I fear people who fear artificial intelligence - wellpast
https://medium.com/@micsolana/artificial-intelligence-is-humanitys-rorschach-test-6fb1ef9c0ce4
======
gcommer
The crux of the article is that we have no clue what AGI will actually be
like, therefore it is irrational to try and reason about it. I don't buy this,
but even more importantly, the initial premise is wrong. We do have good
reasons to believe an AGI's intelligence will be at least passingly similar to
our own:

1\. One path to AGI is straight up simulating a human brain in software.

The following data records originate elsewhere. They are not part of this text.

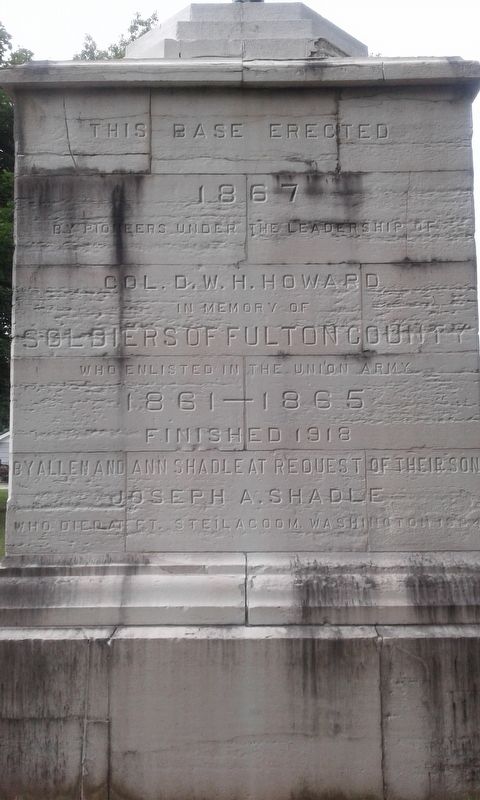 Soldiers Of Fulton County Civil War Memorial. Click for full size. Soldiers Of Fulton County Civil War Memorial image. Click for full size.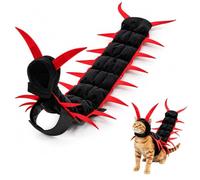 Costume d'Halloween de mille pieds pour chats et petits chiens 3D | Design 3D de mille pieds - Siège réglable - Rembourré - Pour chats et petits chiens - Halloween et photos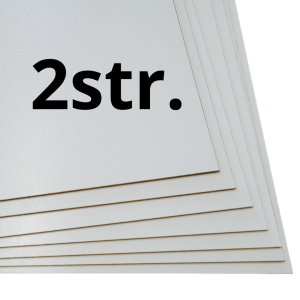 Płyta HDF Biała 2str. 3mm A4 (297x420mm) 100szt.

2\. Humans are guiding AGI research; even if we don't know how we'll build it,
we always build things incrementally based on whatever available knowledge we
already have. However, we ourselves are the only high level intelligence we
have to compare against. Therefore, it's likely we'll build AGI inherently
aiming to make it similar to ourselves.

3\. The author subscribes to the runaway intelligence singularity idea to make
the case that once we have an AGI, it will likely be near-instantly at least
1000x smarter than us, and thus incomprehensibly by us. That strikes me as
unlikely; it is more likely that the first AGI will be built in some lab where
it is already maximally utilizing the computing resources it is being run on,
and will take at least a reasonable amount of time to gain enough knowledge
and control of the outside world to begin its exponential self improvement.

------
wellpast
I was disappointed with the author's reason for this fear; his idea is too
simplistic and I don't think correct: "In imagining the motivations of this
amplified intelligence, we naturally imagine ourselves." \-- he's worried that
those who think the robots will kill us are simply projecting that _that 's
what they would do_ if equipped with superior intelligence. But that's just a
silly conclusion; _fear of the unknown_ is a far more common and obvious
explanation to the frequent reaction to some AI superintelligence.